Williams hadn’t heard much about Stanford for lacrosse, though she knew all about the school’s academic reputation. The program had been Division I since the late 90s, but it wasn’t really on her radar growing up. It’s not breaking news to say that Division I women’s lacrosse has been dominated by a few schools from the East Coast and one from the Central time zone. (That’s Northwestern, if you’re new here.)
Despite the history — or lack thereof — Williams was excited when she heard the Stanford coaching staff wanted to see her highlights after watching her in a showcase.
“I was like, ‘Stanford is in California and is one of the best schools in the country. What more could you want?’ I had never dreamt of it,” Williams said.
Williams committed to Stanford in September of her junior year, turning down her close-to-home team in Syracuse. She went on to be named the MVP of the Under Armour All-American Game this summer.
Williams is the latest to take a flight of faith and head west. Last year, Stanford boasted the No. 1 recruiting class, according to Inside Lacrosse. It included Ashley Humphrey — who last year set the Division I single-season assists record — and Sarah Jacques, who decommitted from Northwestern and chose the Cardinal over North Carolina and Boston College. It’s rare air — and exactly where Spencer wants to be on the recruiting trail.
“Ideally, my standard is that we want to be in the mix for the top recruits against the Final Four programs,” said Spencer, who took over as Stanford’s head coach in 2019. “Make no doubt, I came here to win. I don’t just want to be coasting in a good career at a great school. I want to win and go at the highest level.”
But Spencer can’t sell the same legacy of women’s lacrosse greatness as schools like Maryland or the other blue bloods, nor can she offer the chance to play in your own backyard (at least to many recruits).
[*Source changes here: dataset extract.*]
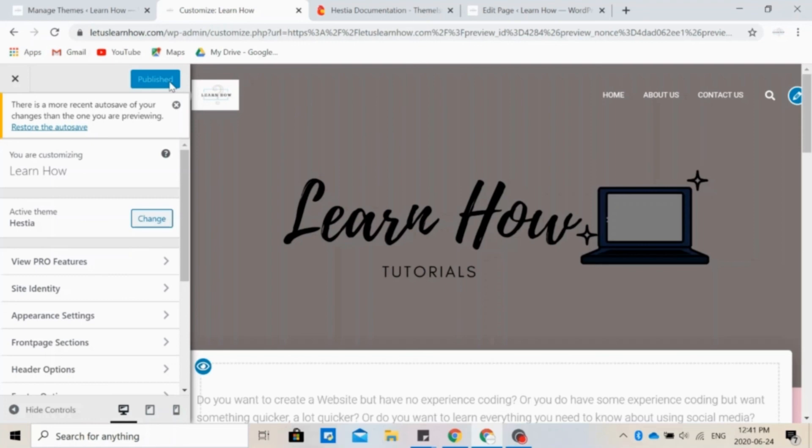If you liked this video, please give it a like and subscribe for more videos like this. And follow us on Instagram at learnhowofficial. If you don't already have a WordPress account, we also have a video in the description below about how to create a WordPress account using Bluehost, so make sure to check that out. We will also leave a link to Bluehost, which is the web hosting platform that we use, in the description below. Thank you for staying with us until the end.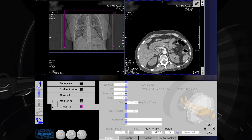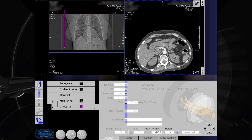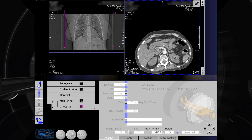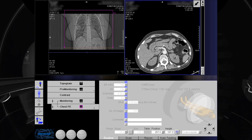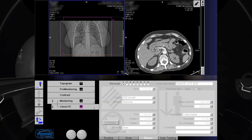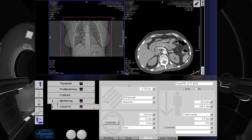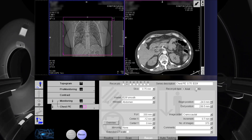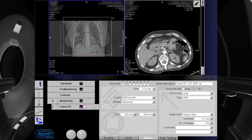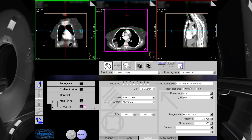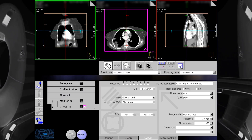Acquisition done. Now, we are going to reconstruct our images.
What she can sell is an adventure.
“Stanford is special because it’s across the country,” Spencer said. “If it’s a northeast player, we talk about when else you might get a chance to live in California for four years. You could choose to do something different.”
And the roster won’t be full of people who grew up on the same street or played for the same club team for years. Stanford isn’t a commuter school — students stick around on the weekends. The shared experiences of leaving home bonds.
“It reinforces the need to take care of each other and create a strong family here,” Spencer said.
The deal-sealer is usually the campus visit, which spans six jurisdictions in Northern California and includes more than 40,000 trees. Nearly every route on campus is a scenic one.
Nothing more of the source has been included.